SUBSTR in Snowflake, or SUBSTRING in other databases, is a simple function that extracts part of a string from a larger string.
Syntax:
SUBSTR(<value>, <starting_point> [, <length>])
- value: the string you want to extract a substring from
- starting_point: where you want to start extracting from (position of the letter, where 1 is the first character)
- length: how many characters to extract (optional)
Note: The <length> parameter is optional. If you leave it out, the function will extract from the starting point all the way to the end of the string.
Example 1: Basic extraction
SELECT SUBSTR('Snowflake', 1, 4);
-- Result: 'Snow'
Example 2: Extracting from the middle
SELECT SUBSTR('Snowflake', 5, 5);
-- Result: 'flake'
Example 3: Omitting length to extract to the end
SELECT SUBSTR('Snowflake', 5);
-- Result: 'flake'
Bonus Tip: You can also use negative starting positions to count from the end of the string. For example, SUBSTR('Snowflake', -5) returns 'flake'.
Pairing up with POSITION to make it dynamic
While SUBSTR is powerful on its own, it becomes even more useful when combined with POSITION (or CHARINDEX). This allows you to dynamically extract substrings based on the location of specific characters or patterns, rather than hardcoding position numbers.
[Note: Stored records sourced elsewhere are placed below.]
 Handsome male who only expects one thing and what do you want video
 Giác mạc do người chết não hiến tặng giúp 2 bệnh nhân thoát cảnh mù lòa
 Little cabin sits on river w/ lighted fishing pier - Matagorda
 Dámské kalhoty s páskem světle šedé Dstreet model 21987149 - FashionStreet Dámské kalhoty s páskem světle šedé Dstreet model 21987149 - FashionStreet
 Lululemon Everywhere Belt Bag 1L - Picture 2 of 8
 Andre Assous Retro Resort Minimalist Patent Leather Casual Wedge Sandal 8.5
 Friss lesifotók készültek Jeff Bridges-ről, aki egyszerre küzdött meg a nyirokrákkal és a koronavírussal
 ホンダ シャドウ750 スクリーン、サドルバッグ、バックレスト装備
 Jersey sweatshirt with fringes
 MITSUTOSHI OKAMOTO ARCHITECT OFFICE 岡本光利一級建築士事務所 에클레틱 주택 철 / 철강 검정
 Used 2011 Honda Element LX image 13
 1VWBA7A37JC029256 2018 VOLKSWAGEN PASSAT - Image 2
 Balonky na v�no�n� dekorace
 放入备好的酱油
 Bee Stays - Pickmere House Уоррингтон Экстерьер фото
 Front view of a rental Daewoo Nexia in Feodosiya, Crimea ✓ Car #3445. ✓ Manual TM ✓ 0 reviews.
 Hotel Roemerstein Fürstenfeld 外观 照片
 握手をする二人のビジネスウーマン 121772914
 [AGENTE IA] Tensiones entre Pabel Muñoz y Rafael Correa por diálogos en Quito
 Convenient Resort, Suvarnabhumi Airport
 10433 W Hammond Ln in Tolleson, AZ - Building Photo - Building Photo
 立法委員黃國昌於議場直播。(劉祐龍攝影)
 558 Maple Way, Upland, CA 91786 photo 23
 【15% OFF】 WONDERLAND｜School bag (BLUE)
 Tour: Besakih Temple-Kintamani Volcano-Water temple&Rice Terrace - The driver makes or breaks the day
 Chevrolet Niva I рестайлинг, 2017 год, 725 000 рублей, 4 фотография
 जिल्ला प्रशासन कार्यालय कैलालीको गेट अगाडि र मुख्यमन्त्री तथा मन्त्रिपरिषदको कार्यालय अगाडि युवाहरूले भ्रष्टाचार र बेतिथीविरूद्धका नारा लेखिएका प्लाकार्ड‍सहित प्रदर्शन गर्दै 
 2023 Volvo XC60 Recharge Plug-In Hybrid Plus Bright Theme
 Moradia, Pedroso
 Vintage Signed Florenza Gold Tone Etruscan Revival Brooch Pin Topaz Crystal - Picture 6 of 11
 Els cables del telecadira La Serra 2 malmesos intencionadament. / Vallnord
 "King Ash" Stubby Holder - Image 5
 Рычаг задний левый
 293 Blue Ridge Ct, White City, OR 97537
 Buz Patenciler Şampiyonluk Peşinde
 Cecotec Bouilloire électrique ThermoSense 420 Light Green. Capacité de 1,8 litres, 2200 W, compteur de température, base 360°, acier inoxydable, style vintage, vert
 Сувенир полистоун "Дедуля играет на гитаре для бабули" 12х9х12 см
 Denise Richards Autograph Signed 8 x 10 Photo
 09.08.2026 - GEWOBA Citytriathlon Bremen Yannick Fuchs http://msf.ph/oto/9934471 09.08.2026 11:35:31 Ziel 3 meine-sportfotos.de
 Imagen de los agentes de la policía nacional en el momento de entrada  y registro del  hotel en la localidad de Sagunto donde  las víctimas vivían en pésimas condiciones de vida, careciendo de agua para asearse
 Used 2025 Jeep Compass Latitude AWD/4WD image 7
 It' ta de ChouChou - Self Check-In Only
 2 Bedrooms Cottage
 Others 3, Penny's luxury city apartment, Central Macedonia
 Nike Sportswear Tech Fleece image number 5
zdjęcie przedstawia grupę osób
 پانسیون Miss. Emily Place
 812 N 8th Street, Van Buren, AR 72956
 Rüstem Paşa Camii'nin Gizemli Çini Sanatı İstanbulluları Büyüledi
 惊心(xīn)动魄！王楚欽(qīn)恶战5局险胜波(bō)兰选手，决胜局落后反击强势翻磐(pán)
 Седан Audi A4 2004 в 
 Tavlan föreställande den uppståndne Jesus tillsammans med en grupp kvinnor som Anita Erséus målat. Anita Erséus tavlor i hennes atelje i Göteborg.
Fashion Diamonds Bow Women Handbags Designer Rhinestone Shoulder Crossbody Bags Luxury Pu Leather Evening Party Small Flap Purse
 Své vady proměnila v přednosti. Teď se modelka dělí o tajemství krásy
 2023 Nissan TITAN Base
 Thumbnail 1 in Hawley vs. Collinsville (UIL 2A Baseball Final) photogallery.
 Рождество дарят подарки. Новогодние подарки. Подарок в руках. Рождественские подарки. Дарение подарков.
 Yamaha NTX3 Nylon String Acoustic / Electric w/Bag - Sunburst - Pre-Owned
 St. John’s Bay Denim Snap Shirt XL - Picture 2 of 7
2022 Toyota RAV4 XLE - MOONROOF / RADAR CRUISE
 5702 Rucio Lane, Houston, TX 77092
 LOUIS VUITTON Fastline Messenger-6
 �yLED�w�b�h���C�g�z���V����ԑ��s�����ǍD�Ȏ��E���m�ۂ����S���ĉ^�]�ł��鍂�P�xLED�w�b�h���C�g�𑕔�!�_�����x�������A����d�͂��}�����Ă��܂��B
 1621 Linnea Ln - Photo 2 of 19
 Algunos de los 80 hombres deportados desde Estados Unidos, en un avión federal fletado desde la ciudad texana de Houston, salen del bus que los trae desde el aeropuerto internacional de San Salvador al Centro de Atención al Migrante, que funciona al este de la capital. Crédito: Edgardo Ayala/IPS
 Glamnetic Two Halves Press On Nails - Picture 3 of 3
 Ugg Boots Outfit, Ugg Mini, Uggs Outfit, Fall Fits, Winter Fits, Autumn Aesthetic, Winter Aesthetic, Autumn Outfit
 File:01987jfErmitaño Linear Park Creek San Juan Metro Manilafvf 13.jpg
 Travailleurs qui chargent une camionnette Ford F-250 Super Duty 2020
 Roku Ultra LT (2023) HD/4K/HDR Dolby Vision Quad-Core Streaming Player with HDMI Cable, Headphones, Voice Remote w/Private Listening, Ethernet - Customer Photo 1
Example: Extracting everything after a delimiter
Let's say you have a table with email addresses and want to extract just the domain:
SELECT
email,
SUBSTR(email, POSITION('@' IN email) + 1) AS domain
FROM emails;
Result:
email | domain
-------------------------|-------------
john.doe@company.com | company.com
jane.smith@tech.io | tech.io
bob.jones@startup.co | startup.co
Example: Extracting everything before a delimiter
Now let's extract just the username (everything before the @):
SELECT
email,
SUBSTR(email, 1, POSITION('@' IN email) - 1) AS username
FROM emails;Result:
email | username
-------------------------|------------
john.doe@company.com | john.doe
jane.smith@tech.io | jane.smith
bob.jones@startup.co | bob.jones
By combining SUBSTR with POSITION, you can handle real-world data that doesn't follow a fixed format, making your queries more flexible and maintainable.